Over the past two decades, most of the border disputes between China and its neighbours were settled. The Party State has since begun to pursue a strategy of active engagement with its neighbouring states. This strategy includes fostering cross-border trade, efforts to obtain access to natural resources, and increasingly tight security along the borders in order to manage potential unrest. These policies have created new opportunities but also new restrictions. Rising China – the nation, the notion, the buzzword – channels aspirations and triggers fears.
The borderlands surrounding China, once unruly frontier zones between empires and junctures of ancient trade routes, have again acquired geopolitical relevance – as pathways of the global economy's flows of raw materials, goods, and people, and as hotspots of ethnic tension. They are the joints that hinge Asia as a region together, and they serve as testing grounds for China's extraterritorial 'special zones' and development-cum-investment deals (which, with Hungary signing such a deal in July 2011, have now also reached Europe).

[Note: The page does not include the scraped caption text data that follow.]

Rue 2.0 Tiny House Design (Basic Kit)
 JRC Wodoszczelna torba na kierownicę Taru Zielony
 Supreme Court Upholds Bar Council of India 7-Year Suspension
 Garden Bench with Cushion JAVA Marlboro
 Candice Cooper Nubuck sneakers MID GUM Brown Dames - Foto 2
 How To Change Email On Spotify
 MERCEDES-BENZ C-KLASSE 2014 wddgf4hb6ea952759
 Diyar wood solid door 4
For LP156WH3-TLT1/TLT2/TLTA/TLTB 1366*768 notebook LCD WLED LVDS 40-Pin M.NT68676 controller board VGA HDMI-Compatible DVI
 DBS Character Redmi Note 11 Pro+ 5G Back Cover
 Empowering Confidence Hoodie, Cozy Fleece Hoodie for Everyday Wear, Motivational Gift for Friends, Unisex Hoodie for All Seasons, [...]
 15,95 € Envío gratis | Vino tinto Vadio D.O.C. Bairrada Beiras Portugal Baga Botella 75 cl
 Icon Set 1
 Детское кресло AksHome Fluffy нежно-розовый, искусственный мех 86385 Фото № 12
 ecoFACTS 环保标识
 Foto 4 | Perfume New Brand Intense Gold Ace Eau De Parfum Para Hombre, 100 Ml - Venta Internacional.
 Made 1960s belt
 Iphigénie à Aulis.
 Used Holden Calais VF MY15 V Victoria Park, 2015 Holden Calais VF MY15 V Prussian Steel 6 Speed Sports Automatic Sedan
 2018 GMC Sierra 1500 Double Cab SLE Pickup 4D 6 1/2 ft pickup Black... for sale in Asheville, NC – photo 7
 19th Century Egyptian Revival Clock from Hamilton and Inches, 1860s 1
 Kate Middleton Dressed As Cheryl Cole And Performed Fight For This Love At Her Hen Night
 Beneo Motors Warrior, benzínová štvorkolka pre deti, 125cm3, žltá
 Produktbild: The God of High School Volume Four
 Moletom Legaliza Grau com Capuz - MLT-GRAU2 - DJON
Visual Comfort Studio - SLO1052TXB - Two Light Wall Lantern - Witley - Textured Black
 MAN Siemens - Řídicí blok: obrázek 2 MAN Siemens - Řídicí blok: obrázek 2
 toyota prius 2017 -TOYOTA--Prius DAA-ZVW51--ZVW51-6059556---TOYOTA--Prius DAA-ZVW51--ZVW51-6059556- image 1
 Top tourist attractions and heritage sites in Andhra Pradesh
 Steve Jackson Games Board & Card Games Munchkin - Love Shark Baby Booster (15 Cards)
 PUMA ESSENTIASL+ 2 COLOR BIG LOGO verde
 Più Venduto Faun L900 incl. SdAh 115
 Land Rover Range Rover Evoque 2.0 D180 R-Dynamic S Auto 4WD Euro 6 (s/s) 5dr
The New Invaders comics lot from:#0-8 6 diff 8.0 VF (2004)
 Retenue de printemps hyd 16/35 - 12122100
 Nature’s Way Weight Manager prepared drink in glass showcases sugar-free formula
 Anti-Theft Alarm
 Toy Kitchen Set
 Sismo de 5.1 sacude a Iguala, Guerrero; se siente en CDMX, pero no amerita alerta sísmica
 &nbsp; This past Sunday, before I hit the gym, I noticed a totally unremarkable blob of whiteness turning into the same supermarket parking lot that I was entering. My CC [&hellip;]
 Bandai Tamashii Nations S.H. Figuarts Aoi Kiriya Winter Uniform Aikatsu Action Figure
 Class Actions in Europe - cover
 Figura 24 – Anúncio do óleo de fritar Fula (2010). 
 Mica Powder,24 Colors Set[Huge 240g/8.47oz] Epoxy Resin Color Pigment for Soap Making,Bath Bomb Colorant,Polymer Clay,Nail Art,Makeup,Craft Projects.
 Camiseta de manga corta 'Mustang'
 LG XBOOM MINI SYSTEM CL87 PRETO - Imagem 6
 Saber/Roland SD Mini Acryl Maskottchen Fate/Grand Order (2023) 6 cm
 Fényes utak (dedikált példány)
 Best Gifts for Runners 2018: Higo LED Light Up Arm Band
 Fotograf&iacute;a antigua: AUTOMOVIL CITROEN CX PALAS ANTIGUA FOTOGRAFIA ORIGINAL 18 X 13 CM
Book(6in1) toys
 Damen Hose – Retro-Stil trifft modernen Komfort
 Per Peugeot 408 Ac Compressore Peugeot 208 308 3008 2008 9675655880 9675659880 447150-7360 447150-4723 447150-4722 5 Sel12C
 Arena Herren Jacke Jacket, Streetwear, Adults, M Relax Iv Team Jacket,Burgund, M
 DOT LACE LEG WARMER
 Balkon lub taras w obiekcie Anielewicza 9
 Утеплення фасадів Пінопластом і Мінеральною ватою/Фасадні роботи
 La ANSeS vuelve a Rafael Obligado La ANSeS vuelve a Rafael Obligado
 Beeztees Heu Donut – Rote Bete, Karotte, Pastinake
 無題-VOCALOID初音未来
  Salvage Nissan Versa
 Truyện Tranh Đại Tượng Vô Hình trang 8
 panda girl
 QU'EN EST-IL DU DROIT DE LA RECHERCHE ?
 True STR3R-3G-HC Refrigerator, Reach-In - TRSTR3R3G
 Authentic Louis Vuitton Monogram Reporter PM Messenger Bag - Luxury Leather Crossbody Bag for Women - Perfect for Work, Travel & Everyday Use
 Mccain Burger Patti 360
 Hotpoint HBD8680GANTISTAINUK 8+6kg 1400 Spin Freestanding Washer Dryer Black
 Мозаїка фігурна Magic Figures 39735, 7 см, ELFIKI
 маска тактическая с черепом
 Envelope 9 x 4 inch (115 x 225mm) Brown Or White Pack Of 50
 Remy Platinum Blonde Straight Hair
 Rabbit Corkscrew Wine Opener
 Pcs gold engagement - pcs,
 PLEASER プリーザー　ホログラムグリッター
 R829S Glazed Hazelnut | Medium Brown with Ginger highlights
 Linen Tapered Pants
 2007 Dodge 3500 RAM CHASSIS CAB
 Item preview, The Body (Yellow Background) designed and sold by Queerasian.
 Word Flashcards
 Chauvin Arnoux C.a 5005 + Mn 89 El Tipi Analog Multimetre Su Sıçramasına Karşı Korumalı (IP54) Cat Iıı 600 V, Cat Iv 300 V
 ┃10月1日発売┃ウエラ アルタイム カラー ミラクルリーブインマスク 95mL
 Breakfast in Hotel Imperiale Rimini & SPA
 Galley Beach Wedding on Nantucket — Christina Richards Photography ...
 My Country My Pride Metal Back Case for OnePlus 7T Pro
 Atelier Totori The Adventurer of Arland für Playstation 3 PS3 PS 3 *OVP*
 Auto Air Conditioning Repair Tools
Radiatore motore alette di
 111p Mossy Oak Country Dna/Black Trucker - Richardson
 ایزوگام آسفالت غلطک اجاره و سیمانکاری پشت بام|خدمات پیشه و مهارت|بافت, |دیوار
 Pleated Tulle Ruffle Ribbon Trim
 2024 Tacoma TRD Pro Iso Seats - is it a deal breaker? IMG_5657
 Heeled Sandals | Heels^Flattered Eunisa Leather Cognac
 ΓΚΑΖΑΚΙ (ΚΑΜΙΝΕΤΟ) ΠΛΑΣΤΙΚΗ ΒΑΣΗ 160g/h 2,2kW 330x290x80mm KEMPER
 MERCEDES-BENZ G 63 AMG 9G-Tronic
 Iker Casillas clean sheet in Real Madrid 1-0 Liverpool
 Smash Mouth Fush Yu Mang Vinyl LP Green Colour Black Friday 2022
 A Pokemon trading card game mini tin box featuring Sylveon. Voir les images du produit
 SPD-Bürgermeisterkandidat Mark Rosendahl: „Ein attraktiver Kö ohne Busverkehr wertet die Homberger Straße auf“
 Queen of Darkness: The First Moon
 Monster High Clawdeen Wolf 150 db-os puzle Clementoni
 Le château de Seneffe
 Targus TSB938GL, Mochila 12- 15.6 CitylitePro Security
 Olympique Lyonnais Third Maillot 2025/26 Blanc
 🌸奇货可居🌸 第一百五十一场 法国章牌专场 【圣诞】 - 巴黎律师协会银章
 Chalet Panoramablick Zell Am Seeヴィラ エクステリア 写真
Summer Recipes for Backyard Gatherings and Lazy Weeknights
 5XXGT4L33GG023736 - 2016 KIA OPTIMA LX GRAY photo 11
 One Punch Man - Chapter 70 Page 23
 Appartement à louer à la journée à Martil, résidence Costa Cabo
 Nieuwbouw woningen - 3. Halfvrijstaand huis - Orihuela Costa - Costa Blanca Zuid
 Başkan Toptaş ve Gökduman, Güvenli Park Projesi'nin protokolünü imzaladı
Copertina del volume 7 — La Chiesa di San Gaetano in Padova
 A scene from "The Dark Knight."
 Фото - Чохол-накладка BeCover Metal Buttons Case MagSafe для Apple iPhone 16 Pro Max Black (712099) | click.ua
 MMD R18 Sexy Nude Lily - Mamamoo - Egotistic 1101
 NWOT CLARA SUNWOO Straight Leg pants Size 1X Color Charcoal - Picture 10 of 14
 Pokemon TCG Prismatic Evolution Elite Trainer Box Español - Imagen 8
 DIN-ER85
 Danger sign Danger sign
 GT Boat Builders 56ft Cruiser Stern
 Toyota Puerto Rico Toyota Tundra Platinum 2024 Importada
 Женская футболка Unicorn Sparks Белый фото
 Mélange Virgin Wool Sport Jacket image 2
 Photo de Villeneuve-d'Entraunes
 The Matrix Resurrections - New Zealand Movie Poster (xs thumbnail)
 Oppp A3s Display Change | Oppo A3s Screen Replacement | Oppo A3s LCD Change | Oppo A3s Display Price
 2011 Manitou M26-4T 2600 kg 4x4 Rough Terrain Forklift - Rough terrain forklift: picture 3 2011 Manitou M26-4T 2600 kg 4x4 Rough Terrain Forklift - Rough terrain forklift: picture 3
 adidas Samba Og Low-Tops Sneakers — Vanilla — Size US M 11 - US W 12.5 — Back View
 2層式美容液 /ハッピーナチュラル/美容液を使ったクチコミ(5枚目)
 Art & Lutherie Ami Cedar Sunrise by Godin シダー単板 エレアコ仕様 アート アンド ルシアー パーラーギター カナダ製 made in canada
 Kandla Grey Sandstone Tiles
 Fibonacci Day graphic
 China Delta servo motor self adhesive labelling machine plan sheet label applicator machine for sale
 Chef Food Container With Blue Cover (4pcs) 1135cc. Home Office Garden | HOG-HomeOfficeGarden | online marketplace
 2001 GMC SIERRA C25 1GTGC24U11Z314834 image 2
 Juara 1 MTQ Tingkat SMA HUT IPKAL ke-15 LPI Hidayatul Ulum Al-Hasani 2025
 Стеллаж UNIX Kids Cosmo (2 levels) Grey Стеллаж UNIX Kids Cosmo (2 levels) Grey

This study is the first to conceptualise the territories bordering China as a coherent geographic configuration. It transcends the traditional boundaries of area studies in order to analyse the dynamic re-making of Asia and its growing significance in the world. Taking border regions instead of nation states as a starting point, the project develops the notion of 'neighbouring' as an analytic lens to comprehend the changing nature of borders in the 21st century.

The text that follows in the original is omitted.